The Windhoek Fashion Week brought together a fresh crop of designers from the College of the Arts who served up their final year collections. Showcasing under the theme ‘A Style for Every Story,’ the students stepped up to the plate with their vibrant and playful, yet wearable collections.
This was the first time that the COTA students got to show their work alongside the big names in the local industry on the run way. A total of seven (7) talented student designers showcased three pieces each and the garments didn’t cease to highlight the versatility of the students.
A student at COTA, Mostert Gian Franco said that it was an eye opening experience that allowed him to experience what designers in the fashion industry go through on a daily basis. “It allowed me to broaden my horizons in terms of what the fashion world out there holds.
There are so many unique and creative people that we share an industry with and that I was never aware of. It was quite interesting to be able to network and socialize with this people and to see the level of commitment that was being shown through their garments. It was really an eye opening experience for me. It allowed me to humble myself as well and to also be inspired and motivated,” exclaimed Mostert.
Mostert who only showcased three pieces from his collection of eight pieces says that it was an opportunity for them as students to create a preview of their fashion show. The inspiration of his collection stems from his Chinese heritage. I grew up in the presence of my grandmother who created wedding dresses and I grew up trying to emulate her in a way,” he said.
Mostert showed a variety of trends, from an apron inspired dress with a minimal design to a trench coat that is opulent and outrageous in a sense. He also showed a dramatic dress proving how extravagant he went with the length and the flow of the garment. The dress is versatile giving you an option of wearing it as a skirt or a top.
Another student designer Ignasho Hanyanya describes the experience as very educative and interactive.
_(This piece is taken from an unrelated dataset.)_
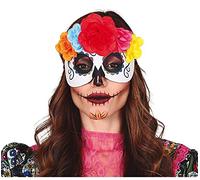 FIESTAS GUIRCA Masque Catrina avec fleurs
His designs were a reflection of an ocean tide with a mid-night moonlight.
“I wanted to reflect on my experience of a high tide in an ocean interacting with the midnight moon, basically the reflection of the moon into the ocean. That’s why I used fabric that is dark blue in colour with a shiny material and the ruffles on top to create the ocean tide,” he described.
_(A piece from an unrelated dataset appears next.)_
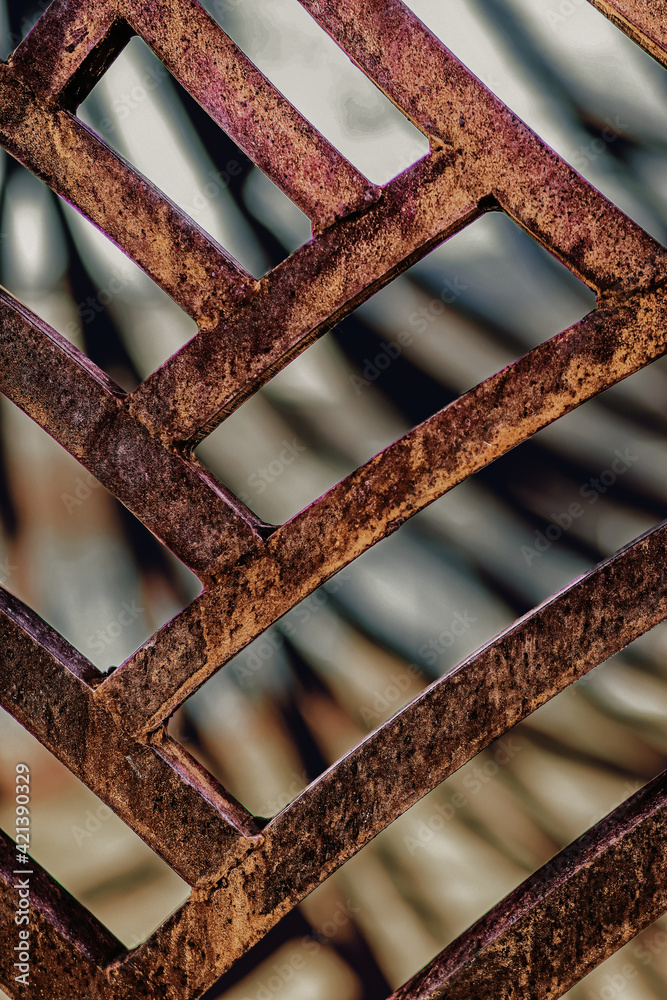 Close view of sculpture in park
Ignasho fused different material such as sequence fabric and mesh to make worlds collide. His first piece was a mermaid, low flow dress with an open back and a V-shape in front. The dress is made from sequence fabric, stitched from the outside part with a binding on the edge. His collection also includes a male suit jacket that has a deep cut that goes through the chest to the armpit and ruffles at the back. The suit also has buttons lined up on the side making it unique.
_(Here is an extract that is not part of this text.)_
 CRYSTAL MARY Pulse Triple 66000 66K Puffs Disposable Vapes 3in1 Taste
His last piece was a dress made from a combination of mesh, sequence fabric and ruffles at the same time. It has a ruffle right from the shoulder until the boob area and a sequence and mesh fabric from the waist to the knees.
Emily Hoveka is also one of the designer students who showcased their collections during the Windhoek Fashion Week. Emily’s designs were inspired by the Herero and Scottish cultures. The whole idea is to transform the Herero garments from the splits and the Victorian cuts to something modern.
From a collection of eight pieces, Emily showcased six of her pieces at the Windhoek Fashion Week. Four garments were Herero inspired with a touch Scot and a male kilt which was a complete scot look to complement with the Herero culture.
Wilhelm Iyambo brought a different mood to the slot with a Levi and Diesel inspired street wear collection. Iyambo used denim, mesh and leather on his garments. “I do not see a lot of students using denim on their designs, so I really just wanted to play around and experiment with it. I tried to move away from the common designs of night gowns because I thought it would be a great market,” he said.
Other student designers who showcased their collections are Almas Nina who embraced the masquerade phenomenon and Likando Emily who proved how beads add detail to garments. Tulunga Paulus was also one of the designers who embraced the leather phenomenon.